At first, Leach's play comes across as almost a send-up of the classic formula - unloved, gullible female, walking into bounder's trap - that's traditionally designed to bring a kind of sadistic sentimentality in the audience. The sheer speed here with which the 39-year-old, overweight, on-the-shelf millinery worker Adelaide Pinchin (Susan Penhaligon) falls for the blandishments of Love can't help but feel satirical.
The first twist comes on the honeymoon night in a dingy Weston-super- Mare hotel room. You may wonder why a man like Love doesn't just concede with relief when Ms Penhaligon's painfully self-conscious Adelaide asks not to be touched. But his puzzling sense of honour in this area pushes her into disclosing the cause of her reluctance: a history of eating disorders and low self-esteem linked to problems with a mocking, controlling father.

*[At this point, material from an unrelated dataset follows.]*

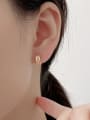 thumb 925 Sterling Silver Rhinestone Geometric Minimalist Stud Earring 2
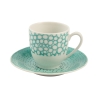 Juego de 6 tazas de café de porcelana con plato 90ml Marea C Stock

Before you know where you are, our confidence trickster has turned into a consciousness raiser, sensitively explaining the syndrome whereby fathers work off their own humiliations on their children and insisting that Adelaide assert herself. The man who had declared earlier that "whoever says women should have the vote wants his head testing" is now exposed as a bit of a closet proto-feminist.
You wait for the revelations about what it is in his own psychological background that gives him this fellow feeling with Adelaide, creating a conflict in him between his professional and his finer instincts. These eventually come, but not before further implausible manipulations of the material. Deducing Love's duplicity and intuiting that she might make a better man of him if his blarnying skills could be directed towards non-criminal ends, Adelaide switches, in a flash, to a woman with dreams of a Mayfair millinery empire. Offered a partnership that will combine her design flair and capital with his business savvy, Love declares, "I didn't know I'd married an entrepreneur." Neither did we.
Ms Penhaligon manages to give a genuinely touching performance, despite the fact that both her character and the play fail to add up properly. Called on in the second act to show us the damaged little boy inside the adult smoothie, the likeable Mr Nicholas is more wooden than wounded but the script does him no favours at this point. Bob Tomson's production is undeniably involving, though you always have the rather shamed sensation that your emotions are being toyed with rather than honourably exercised. Certainly, the last-minute twist suggests that where playing fast and loose with feelings is concerned, this play has nothing to learn from its hero.